| Task goal |
The records that follow need to be printed exactly. Leave out each image.

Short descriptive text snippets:
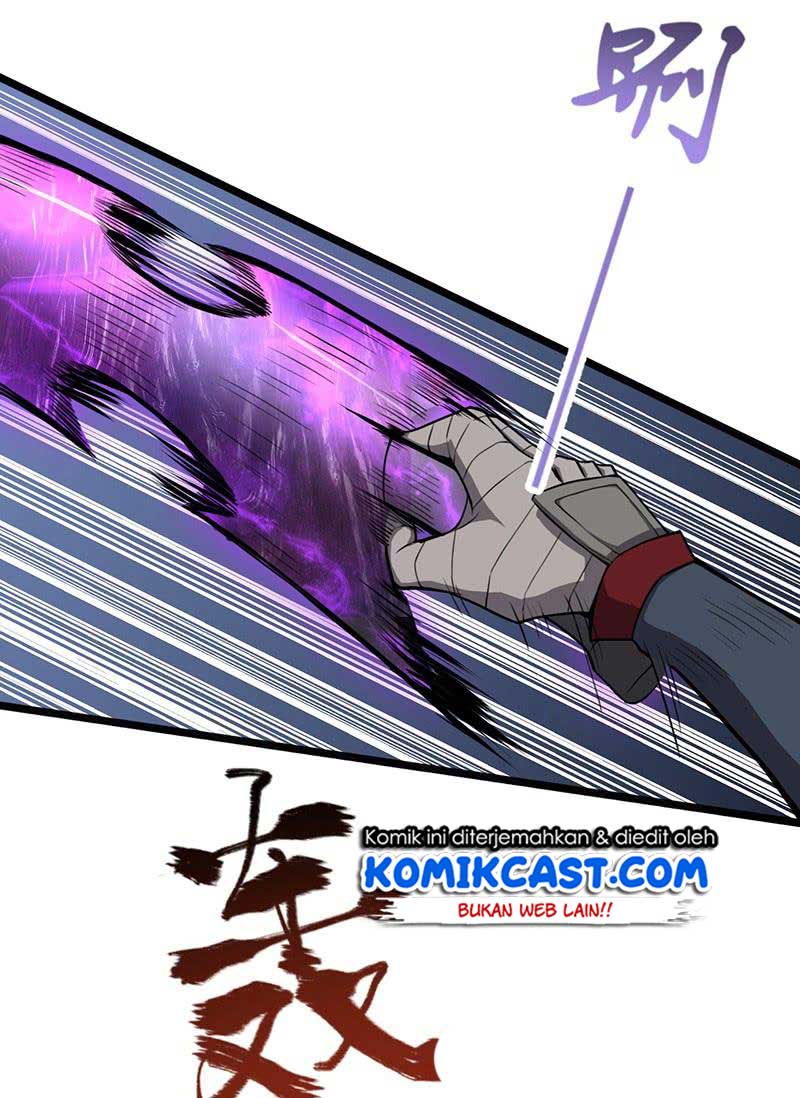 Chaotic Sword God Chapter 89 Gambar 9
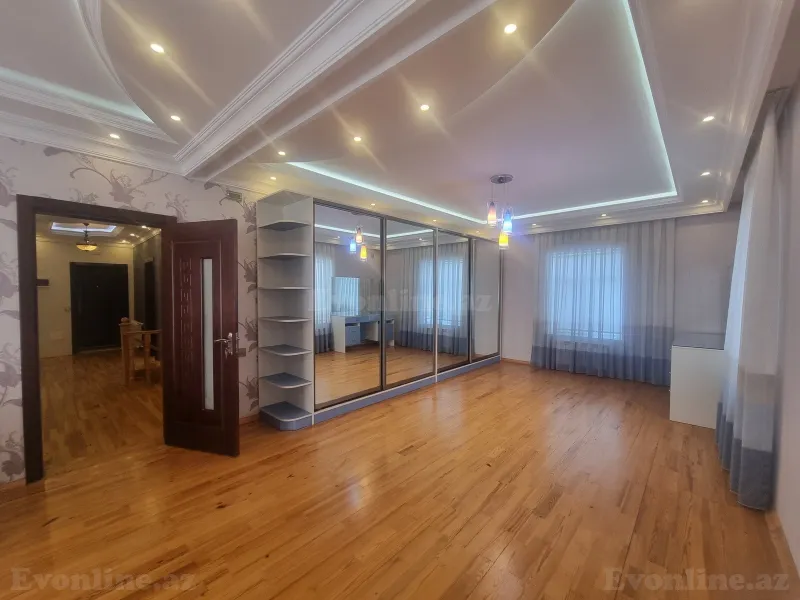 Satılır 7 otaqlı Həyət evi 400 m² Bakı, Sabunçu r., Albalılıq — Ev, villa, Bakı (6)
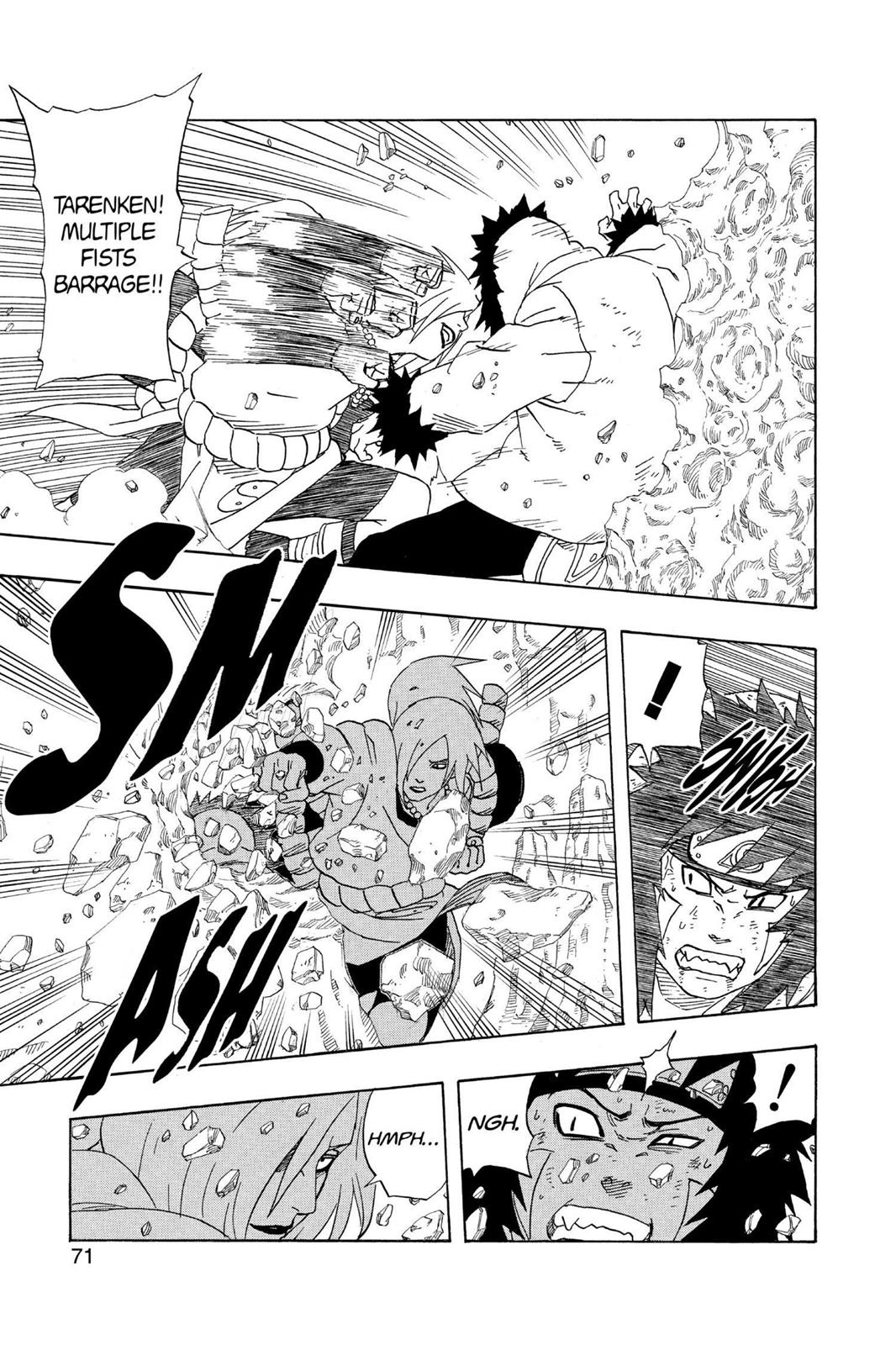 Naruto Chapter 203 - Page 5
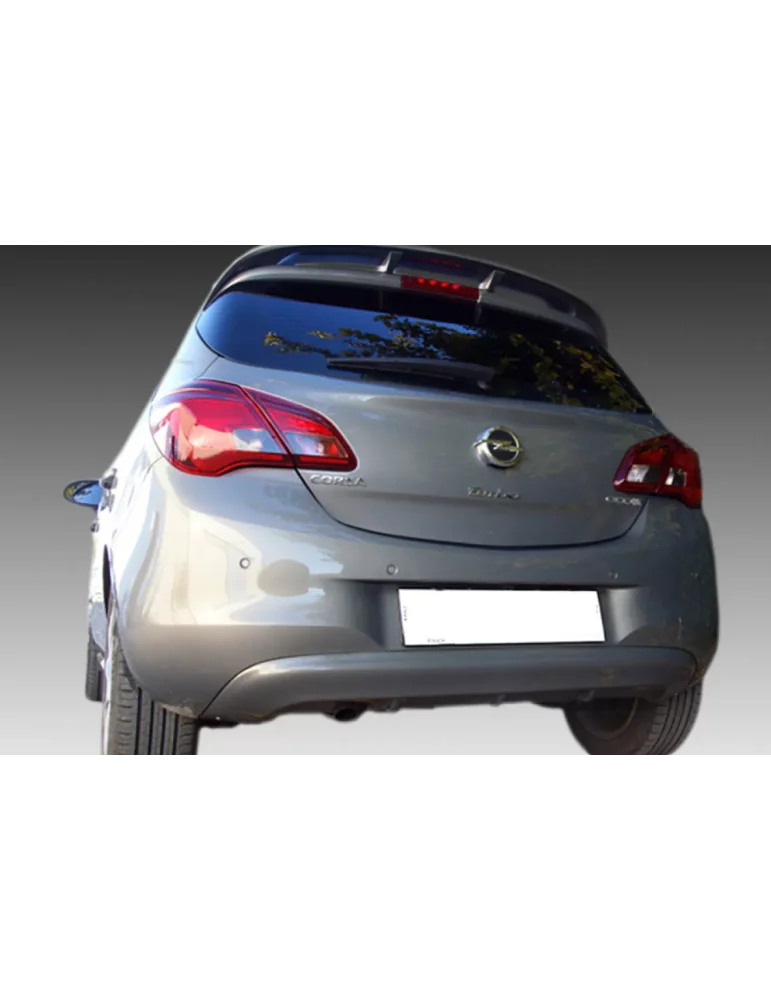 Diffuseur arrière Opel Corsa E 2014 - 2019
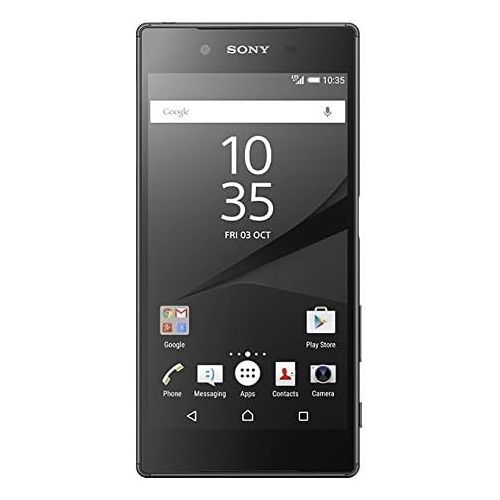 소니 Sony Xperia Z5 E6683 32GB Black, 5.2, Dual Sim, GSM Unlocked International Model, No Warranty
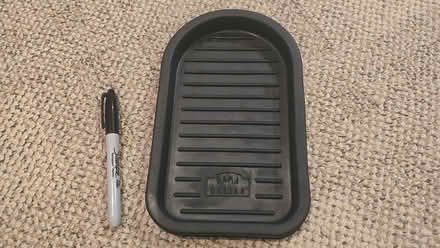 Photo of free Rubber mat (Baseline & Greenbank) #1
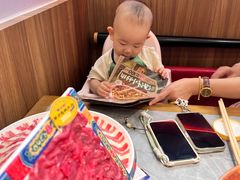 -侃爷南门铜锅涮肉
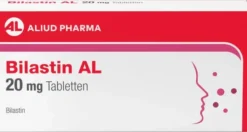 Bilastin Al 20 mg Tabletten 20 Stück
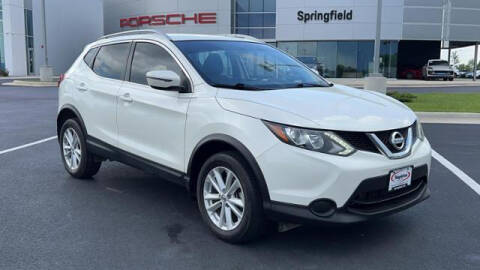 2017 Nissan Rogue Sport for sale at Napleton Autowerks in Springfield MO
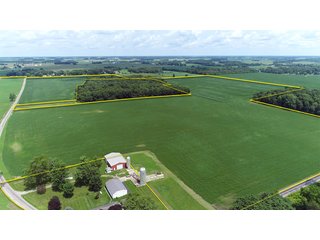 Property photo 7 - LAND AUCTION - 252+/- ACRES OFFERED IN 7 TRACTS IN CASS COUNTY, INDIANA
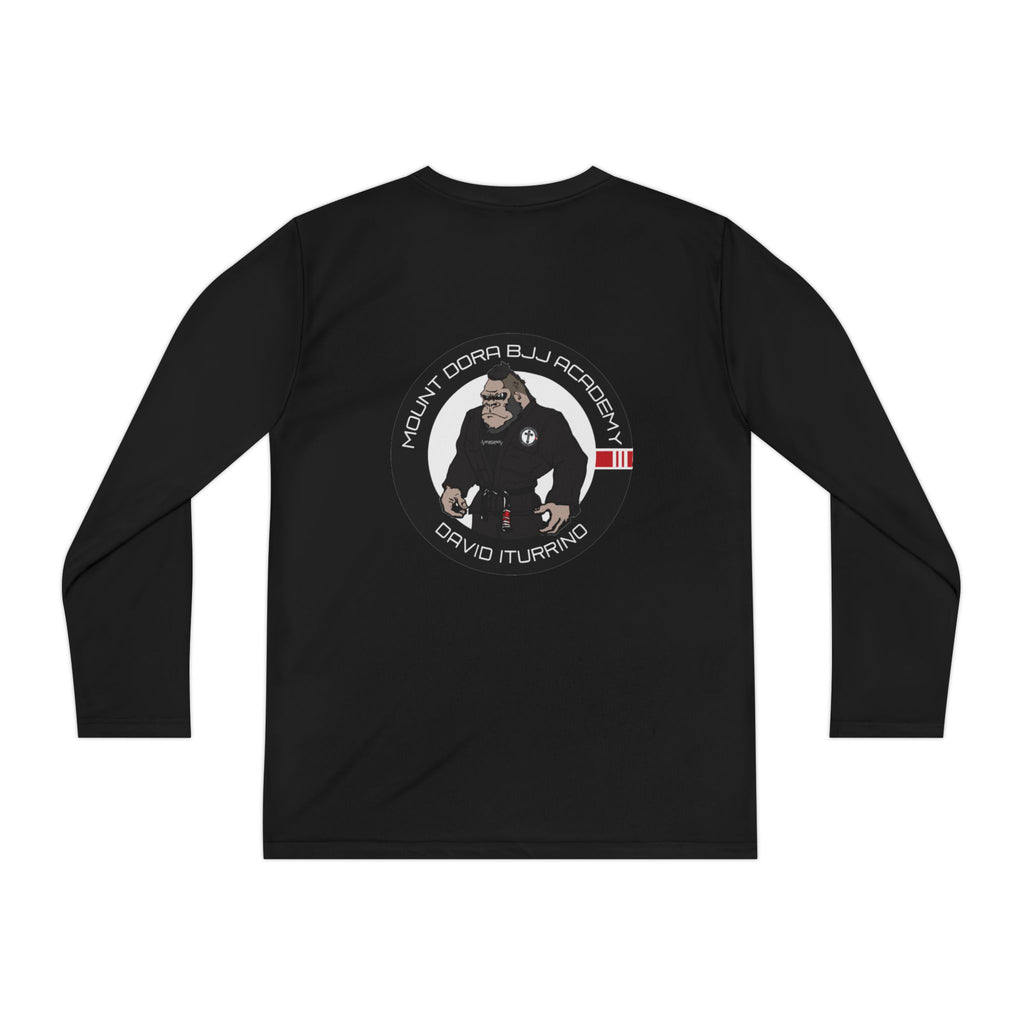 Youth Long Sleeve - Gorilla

| Task solution |
 Chaotic Sword God Chapter 89 Gambar 9
 Satılır 7 otaqlı Həyət evi 400 m² Bakı, Sabunçu r., Albalılıq — Ev, villa, Bakı (6)
 Naruto Chapter 203 - Page 5
 Diffuseur arrière Opel Corsa E 2014 - 2019
 소니 Sony Xperia Z5 E6683 32GB Black, 5.2, Dual Sim, GSM Unlocked International Model, No Warranty
 Photo of free Rubber mat (Baseline & Greenbank) #1
 -侃爷南门铜锅涮肉
 Bilastin Al 20 mg Tabletten 20 Stück
 2017 Nissan Rogue Sport for sale at Napleton Autowerks in Springfield MO
 Property photo 7 - LAND AUCTION - 252+/- ACRES OFFERED IN 7 TRACTS IN CASS COUNTY, INDIANA
 Youth Long Sleeve - Gorilla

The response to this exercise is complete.